Vekilin bir taşınmazın satışında, dilediği bedelle dilediği kimseye satış yapabileceği şeklinde yetkili kılınması, satacağı kimsenin dahi belirtilmesi, vekile dürüstlük kuralını, sadakat ve özen borcunu göz ardı etmek suretiyle, makul sayılacak ölçüler dışına çıkarak satış yapma hakkını vermez. Vekil edenin yararı ile bağdaşmayacak bir eylem veya işlem yapan vekil sorumlu olur.

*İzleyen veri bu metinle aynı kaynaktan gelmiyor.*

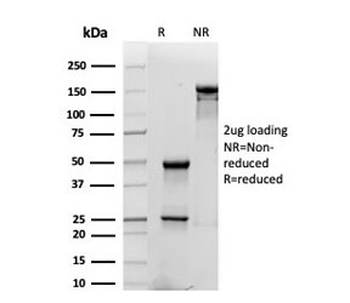 CD48 Antibody (Pan Leukocyte Marker)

Vekilin hukuka aykırı bir eylem ve işlemiyle vekalet verene ait bir gayrimenkulü devraldığını bilen veya olayın özelliklerine göre bilmesi gereken “üçüncü kişi alıcı” aleyhine tapu iptal ve tescil davası açılır. Öte yandan, vekil ile sözleşme yapan üçüncü kişi olan alıcı, iyi niyetli ise yani vekilin vekalet görevini kötüye kullandığını bilmiyor veya kendisinden beklenen özeni göstermesine rağmen bilmesine olanak yoksa, vekil ile yaptığı sözleşme geçerlidir ve vekil edeni bağlar (4721 sayılı MK’nın md.3). Vekil vekalet görevini kötüye kullansa dahi, üçüncü kişi alıcı iyiniyetli ise bu husus vekil ile vekalet eden arasında bir iç sorun olarak kalır, vekil ile sözleşme yapan kişinin kazandığı haklara etkili olamaz.